● Given records
"""

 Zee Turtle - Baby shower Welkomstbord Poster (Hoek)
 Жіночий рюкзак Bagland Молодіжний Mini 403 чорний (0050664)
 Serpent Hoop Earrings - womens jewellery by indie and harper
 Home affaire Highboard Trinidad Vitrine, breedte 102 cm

"""
"""

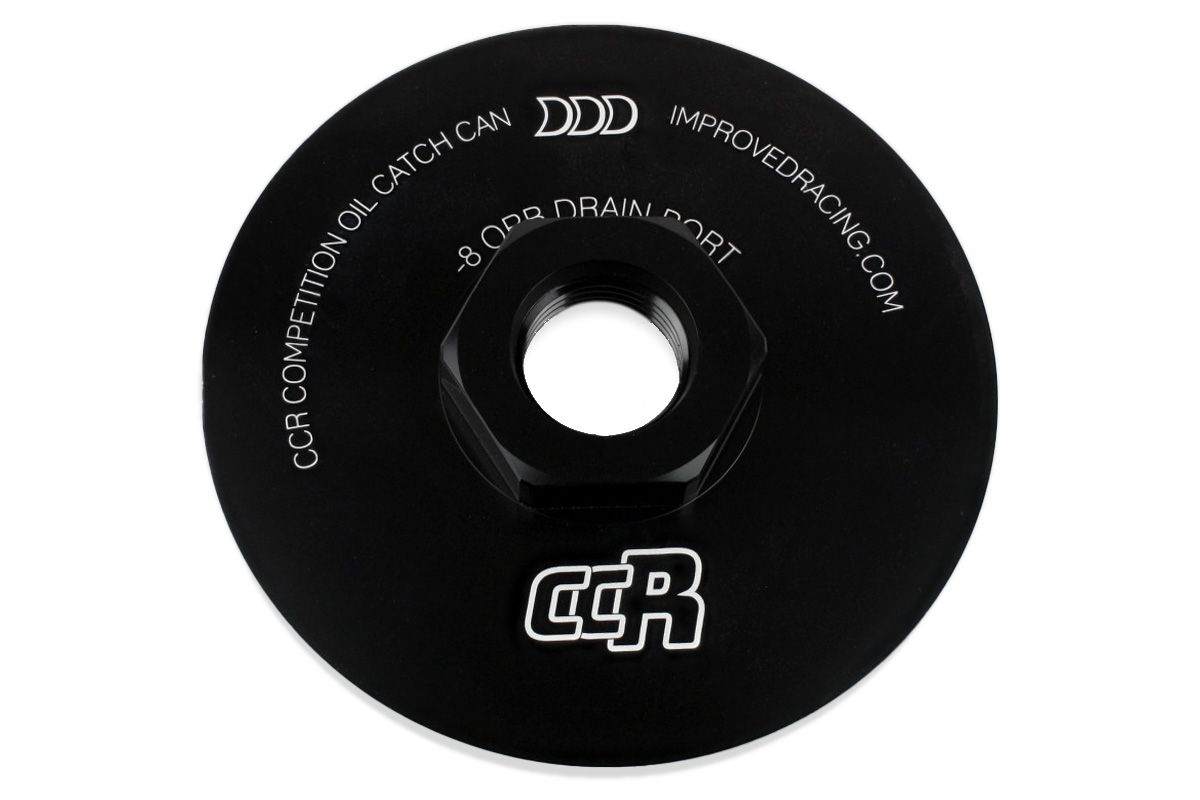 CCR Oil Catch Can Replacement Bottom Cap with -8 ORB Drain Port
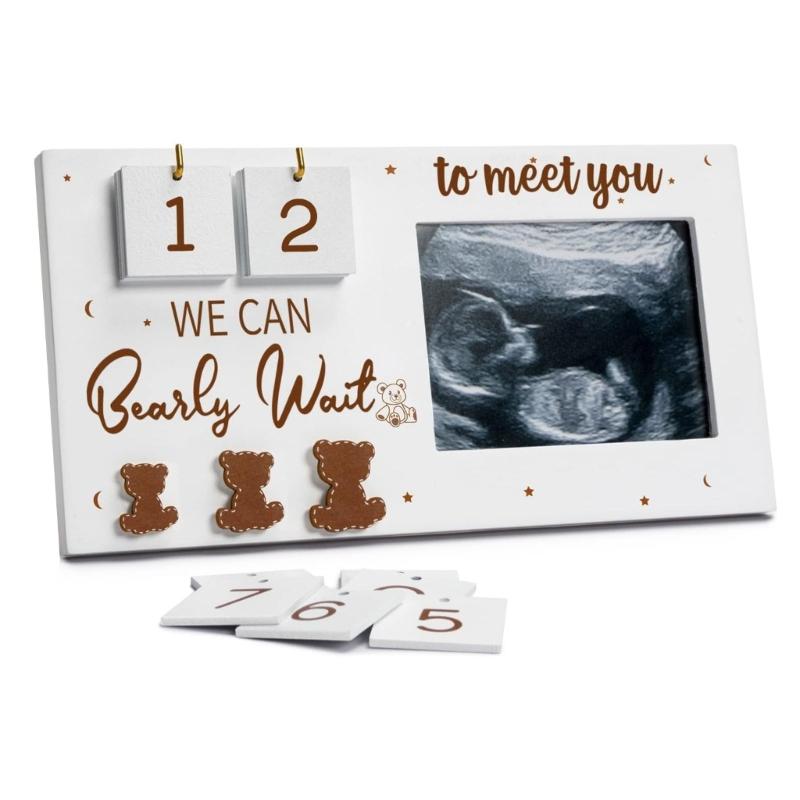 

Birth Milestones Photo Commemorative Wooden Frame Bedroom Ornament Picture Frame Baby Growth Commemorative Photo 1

"""

● Work instruction
Copy exactly, without pictures, the lines above from the one with "CCR Oil Catch" down to the one with "Birth Milestones Photo", inclusive.

● Output of the task
 CCR Oil Catch Can Replacement Bottom Cap with -8 ORB Drain Port

Birth Milestones Photo Commemorative Wooden Frame Bedroom Ornament Picture Frame Baby Growth Commemorative Photo 1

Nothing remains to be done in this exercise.